Dear F-word,
You are the most
vile term in the English language. We are supposed to be shocked and offended
when we hear you. Careers can be trashed when a microphone catches a leader
uttering your hideous four letters. Last year, Yahoo CEO, Carol Bartz, was
sacked after saying you in public; this past April, political commentator Bob
Beckel blurted you out on camera and was put into pundit purgatory because of
it.
Jesse
Sheidlower, an editor for the Oxford English Dictionary, wrote a book about you
(the word, not the deed). He suggests you came into the English language in the
1500s as fuccant, the Dutch derivation of a Latin word. At the time, you were
regarded as so dirty that your letters only could be printed in code.
But few people
know of Sheidlower’s research. Most people believe that you, dear F-word, began
in England as a legal acronym. One acronym commonly offered is: Fornication
Under Consent of the King. Noted linguists, Van Halen, titled an album, For
Unlawful Carnal Knowledge, playing up another acronym that supposedly speaks to
your origin. Apparently, these acronym-based theories lodged in the collective
consciousness after a 1970 Playboy
article on the subject. Shocker: Heff wasn’t on the level when discussing the
F-word.
Whatever your
origin, outrage over the F-word is now soooo 20th Century. Few people
I know are offended when you are spoken. Yet the super-structure for F-word
outrage still lingers in FCC fines, workplace anti-profanity rules, and finger
wags from a host of decorum cops. Two generations after George Carlin’s “Seven
Words You Cannot Say on Television” we still giggle like school kids every time
the F-word slips from the tongue of a celebrity or politician. And we tsk, tsk
Hollywood when an f-bomb sneaks into a PG movie.
We’ve developed a
dozen pseudonyms for the F-word (hump, screw, etc) that we speak with little
hesitation. But this leads us into an intellectual cul de sac: If a naughty
word is naughty because it describes something naughty, then a pseudonym for
the naughty term must be equally naughty. We learned this in third grade math
(if 1 + 2 equals 3, then 2 + 1 must also equal 3).
There are plenty
of words that we use today that were once taboo. “Hysteria” derives from a
Greek word about women’s reproductive organs. It was once quite naughty. “Avocado”

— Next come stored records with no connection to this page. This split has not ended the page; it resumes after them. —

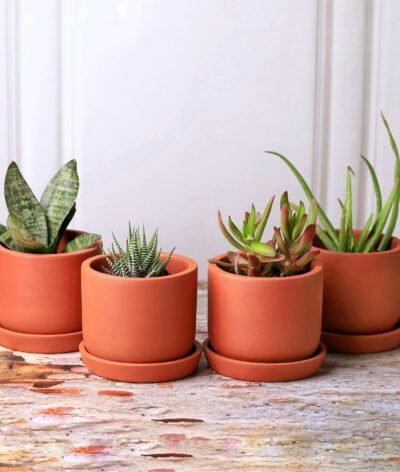 Sage Terracotta Planters (Set of 4)
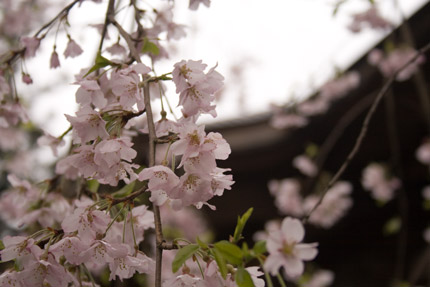 お寺には、枝垂れ桜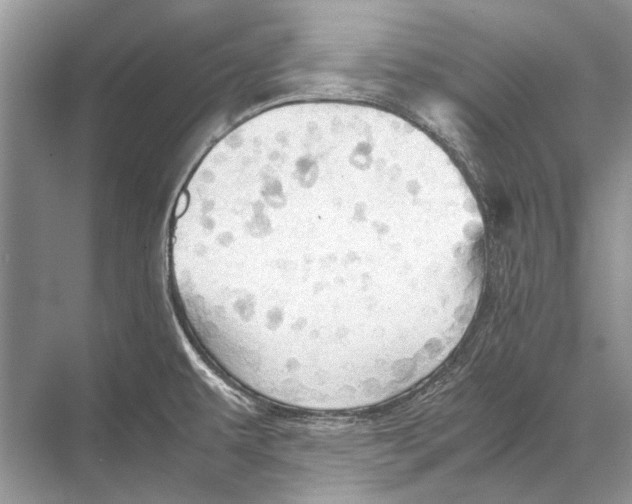 X0000067831479200605041610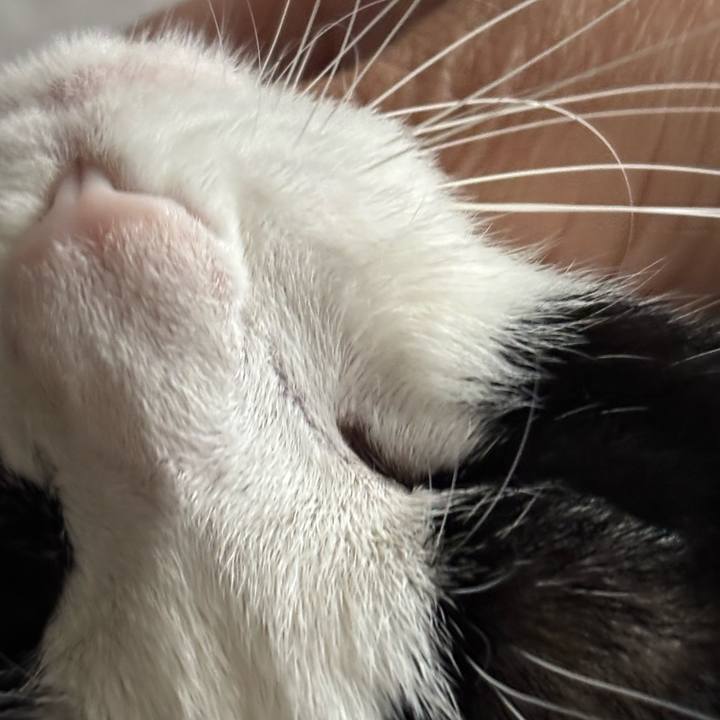 03e619d9 ad3c 4d8e 8f80 b89a9c1348a6 1761866594671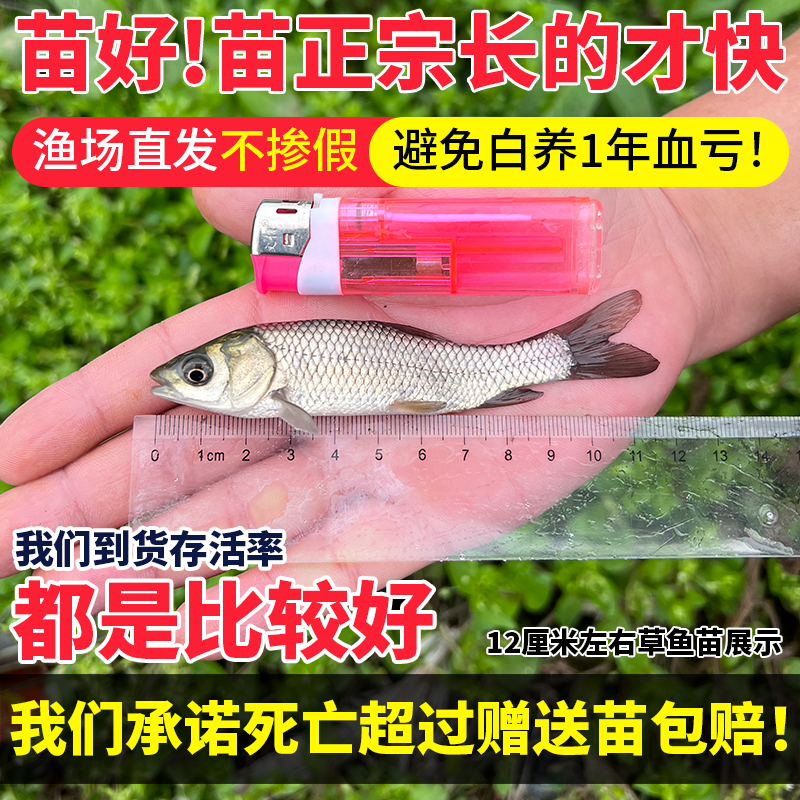 大草鱼苗淡水活体鱼苗养殖食用冷水观赏鱼小草鱼活物鱼苗好养耐活 - 图1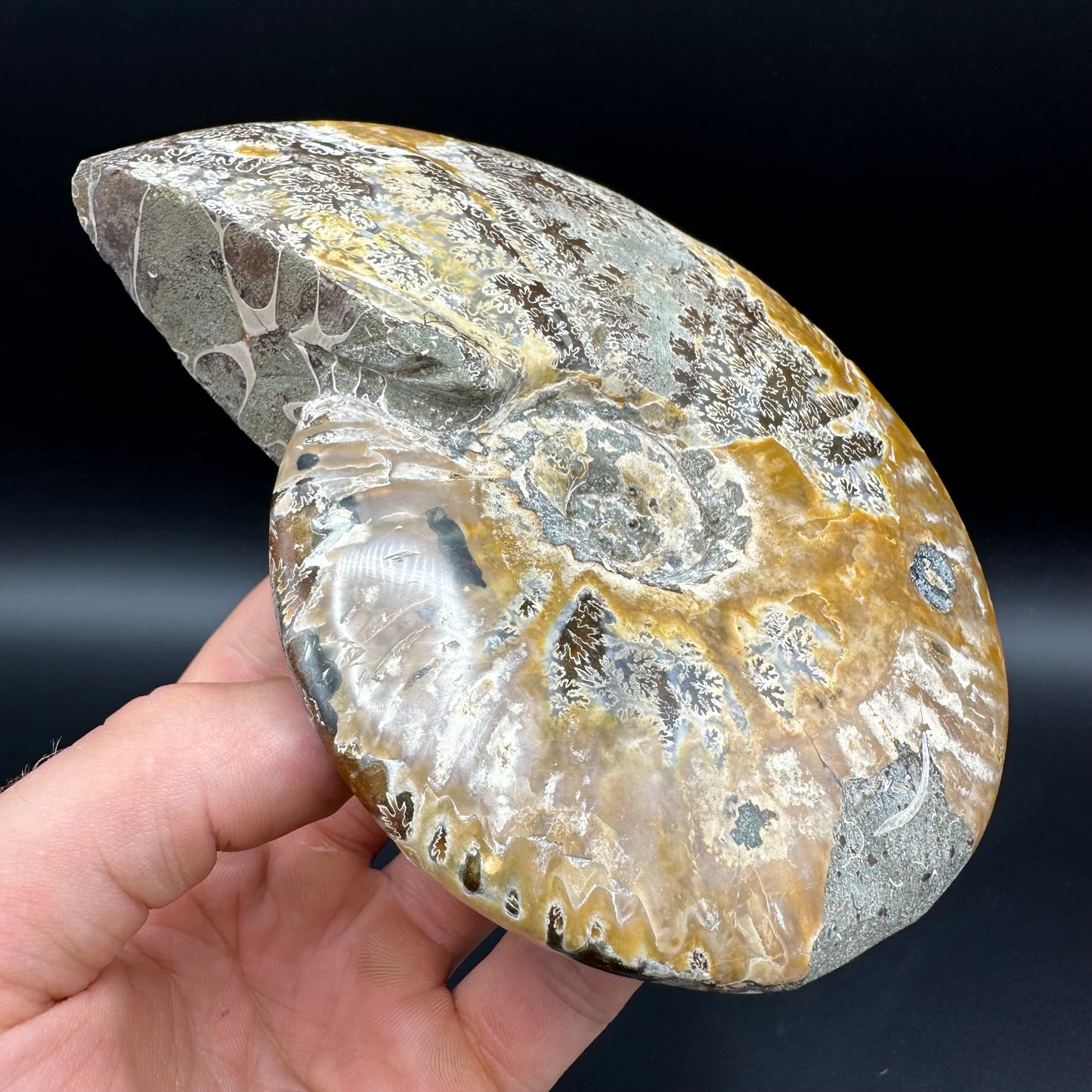 Cleoniceras Ammonite Fossil With Stand - Cretaceous Ammonite Madagascar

derives from an Indian word for testicles; it was a great insult. We vest words
with meaning and we assign taboo to a few of them. As meanings evolve and some
words lose taboo status, others gain it.
Gratuitous use of
the F-word is offensive. It is offensive because it is
boorish behavior from a speaker or writer seeking to bludgeon or shock his/her
listeners. However, limited use of the f-word, whether to accurately describe a
particular sexual act (Look at those two bunnies fuck like there’s no
tomorrow.) or to amplify exclamation (Dude, this is the dumbest fucking blog
ever.) is only as offensive as a particular listener or reader deems it.
No word is
intrinsically offensive. We decide when are offended.
Addendum: This
past January, Modern Family, became
the first pre-taped network television program to use the f-word without a
bleep. There were protests (but less than might have been expected). The sun
rose the next day. The episode re-aired recently. The sun rose again.